Management Lessons from the War in Iraq

In this video we see Tim Harford talking about the similarities between the War in Iraq and the organization’s top-down management.

More specifically, he is addressing a turnaround which – at first sight – may seem as a simple replacement of the leader (in this case replacing the power of Rumsfeld by Petraeus). The most important element turns out to be about winning the cooperation of the local people.

What is more surprising for an organization of that size is the risk that people have taken in order to get it right. And once a new tactic worked it started to spread below the radar of Donald Rumsfeld. Eventually this resulted into the Counterinsurgency manual – a widely quoted manual (that I prefer to any other project management manual).

For the short version of this manual, it suffuses to look at the the great presentation on How to win the war in Al Anbar Province.
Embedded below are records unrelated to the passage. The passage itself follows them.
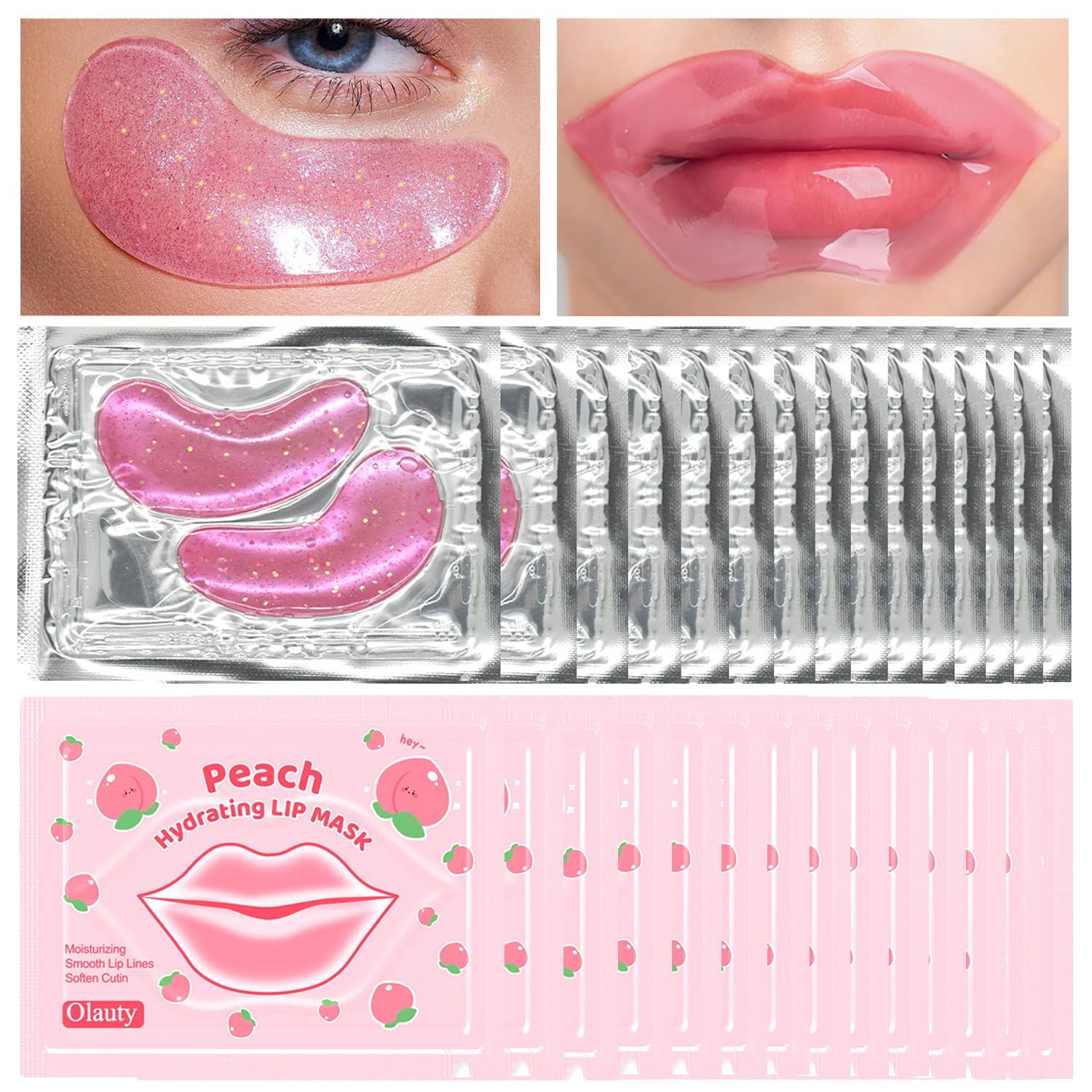 BliBling 30 Pairs Lip Mask &amp; Eye Mask,Under Eye Patches for Reducing Fine Lines &amp; Dark Circles,Collagen Crystal Lip Patches for Lip Spa Daily Labial Masks Hydrating Lip Treatment Christmas Gifts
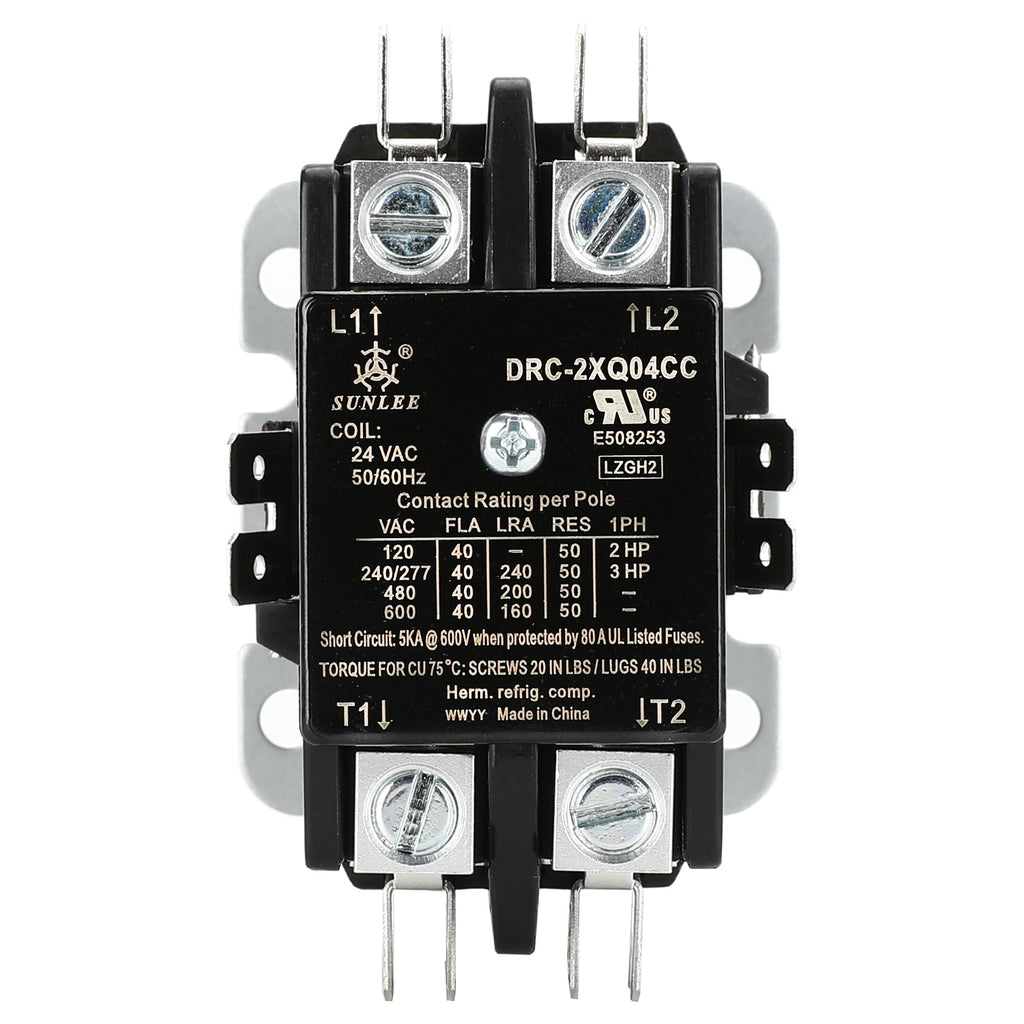 SUNLEE 2 Poles FLA 40 Amp Coil 24 VAC Air Conditioner Condenser Compressor Contactor AC Definite Purpose Contactor Universal Fit UL Recognized A2L Compliant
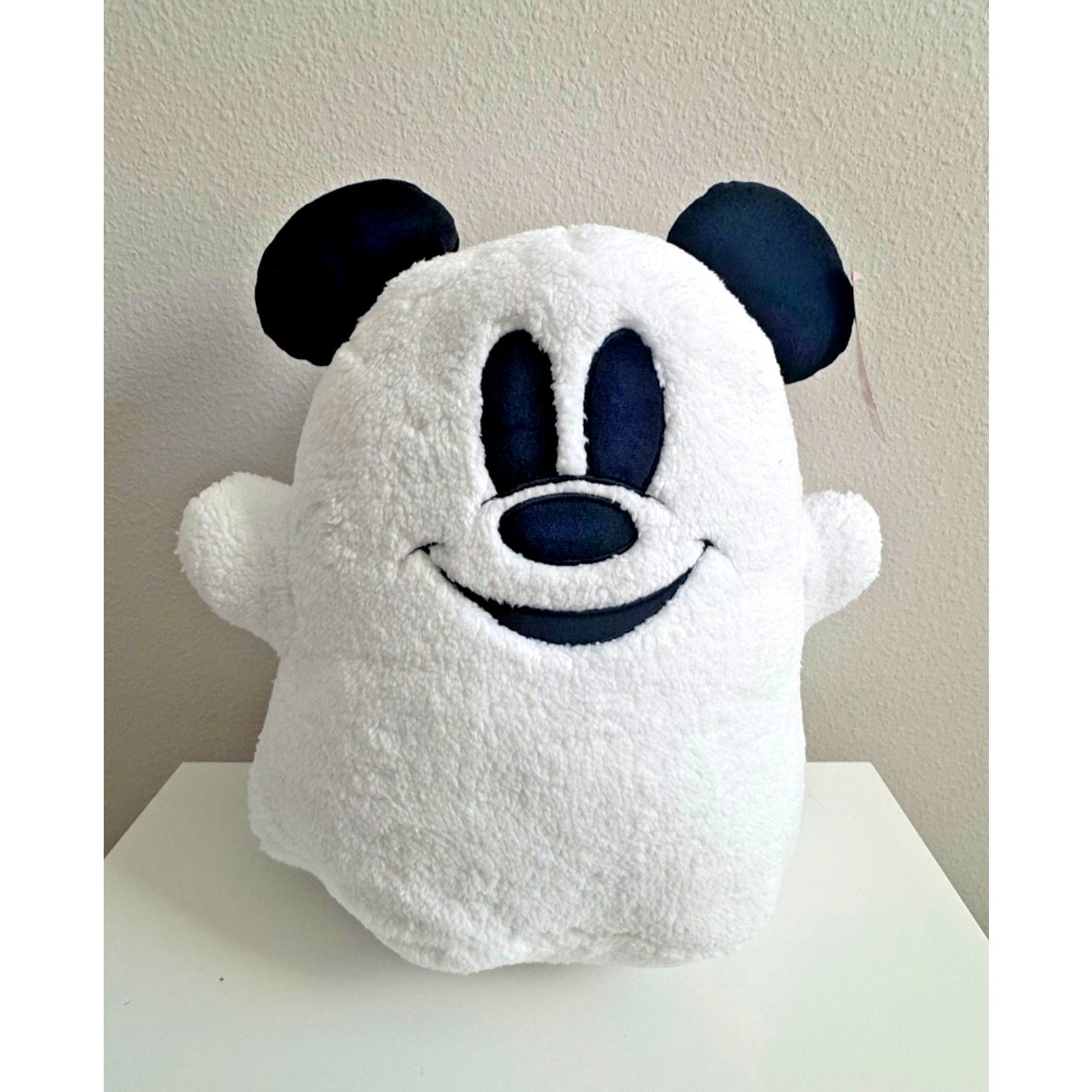 Disney 2025 Halloween Mickey Mouse Ghost 15" Throw Pillow Stuffed Plush NEW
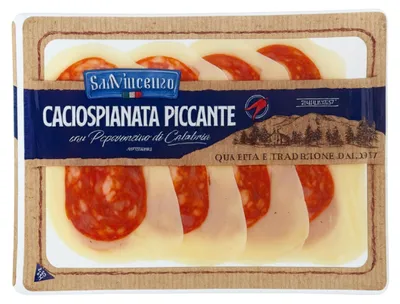 Produktbild von Salami Caciospianata Piccante peperoncino di Calabria100g - San Vincenzo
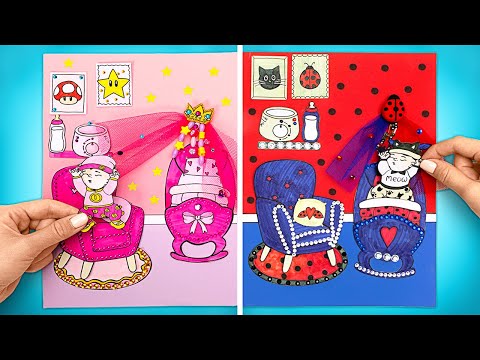 LadyBug vs Princess Peach Babies! Cute Paper Doll Crafts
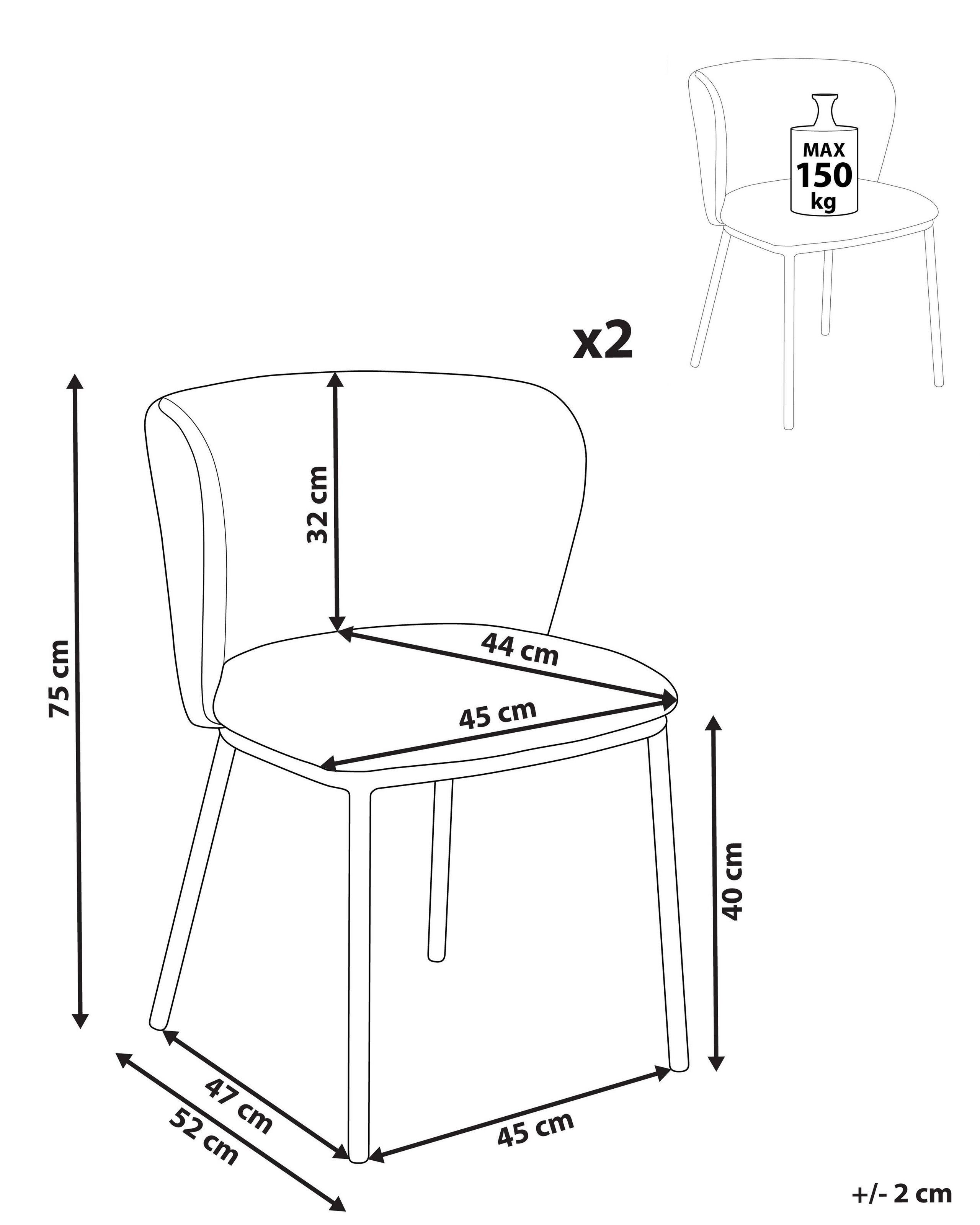 Beliani Lot de 2 chaises en Polyester Moderne MINA  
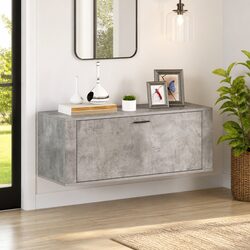 Compact Grey Engineered Wood Wall Shoe Cabinet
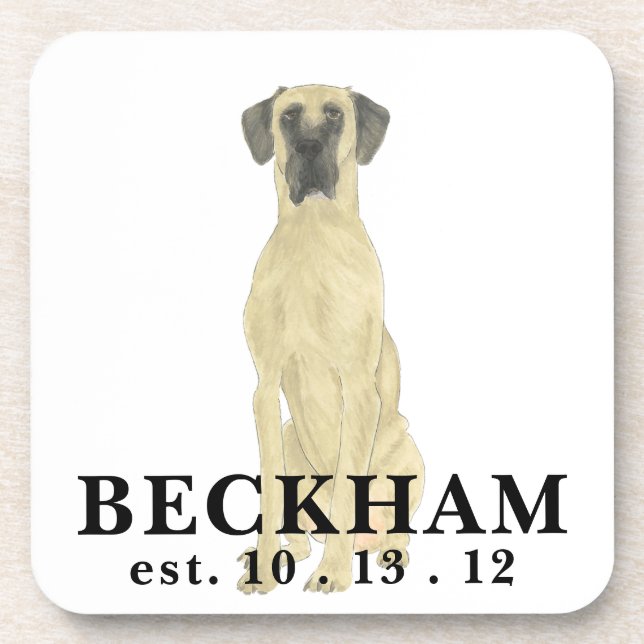 Personalised Fawn Masked Great Dane Coaster (Front)
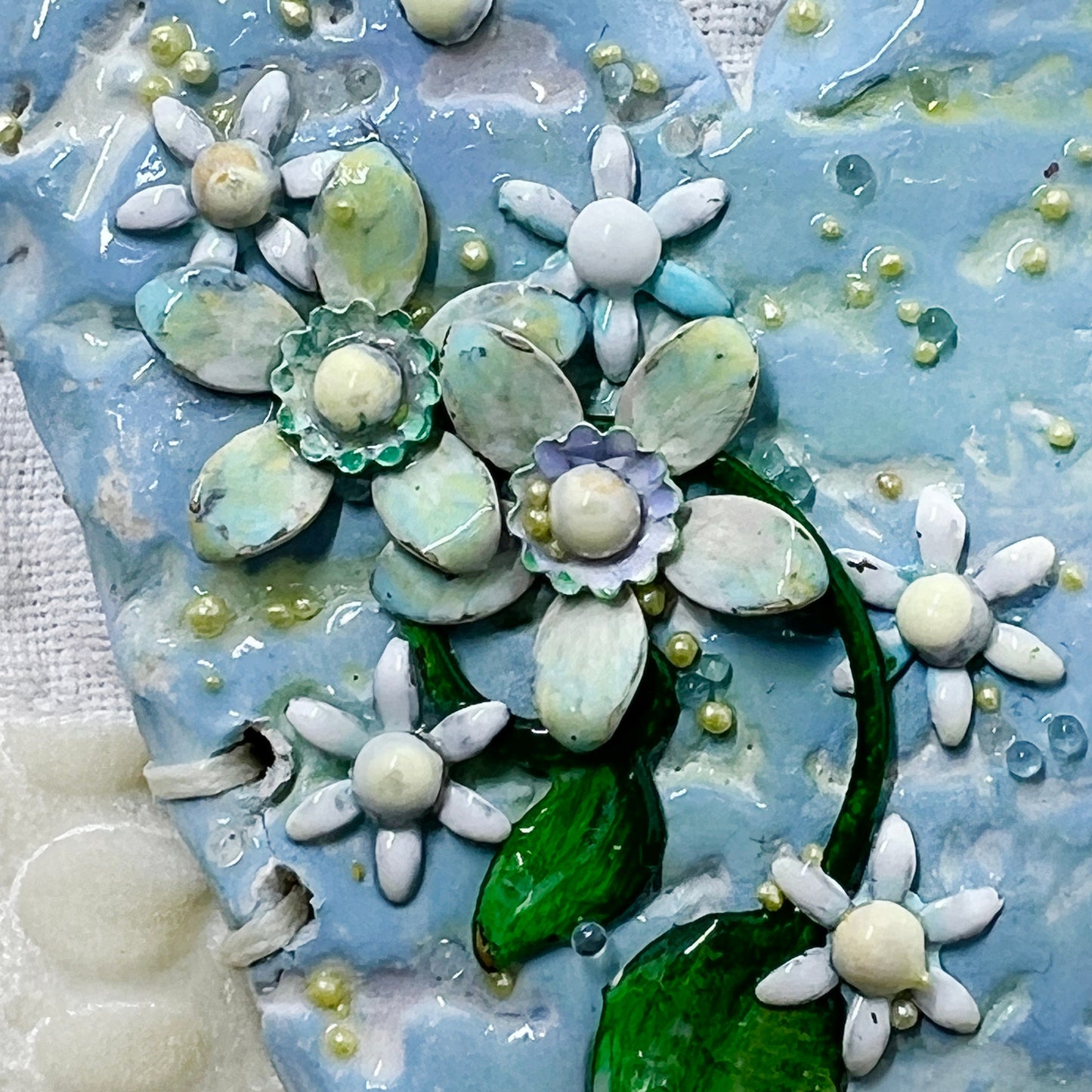 Handmade Heartfelt Sampler 17: framed hand sculpted heart with hand-painted enameled flowers by artist Tammy Tutterow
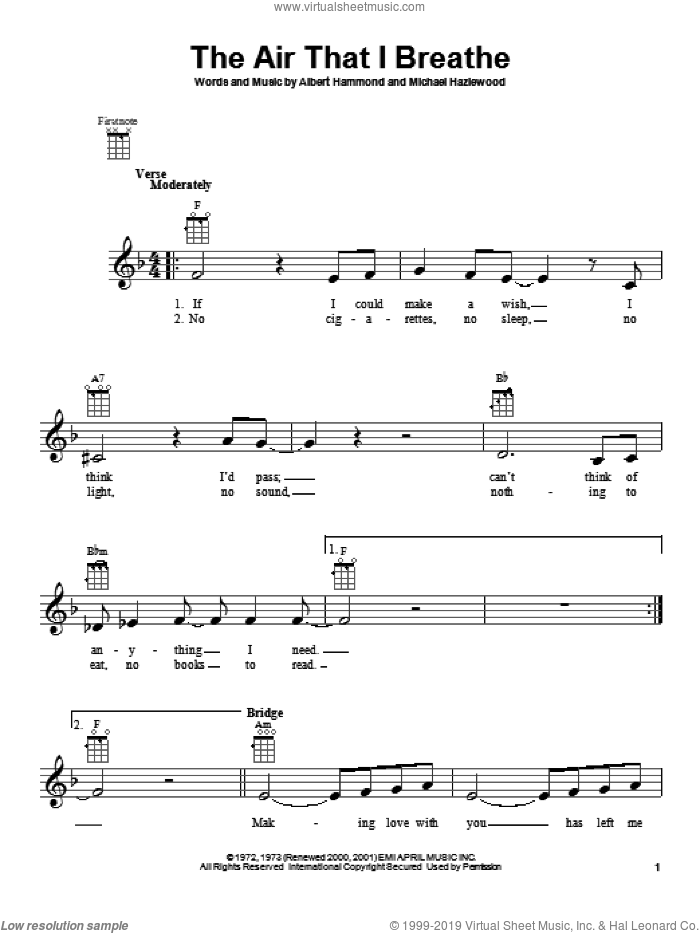 The Air That I Breathe sheet music for ukulele by The Hollies, intermediate skill level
The moral of the story is you have to wear a mustache.

It is very tempting to say ” If only they’d appointed Petraeus from the start…” but that is only half the story. Harford uses the example of H.R. McMaster to illustrate this point. The example is similar to the work of One Tribe at a Time by Jim Gant.

Good leaders are important, but the local experimentation – “the figuring out of what is actually working” – is equally important. Being more analytic and strategic will not help improve decision making. There has to be experimentation on the ground.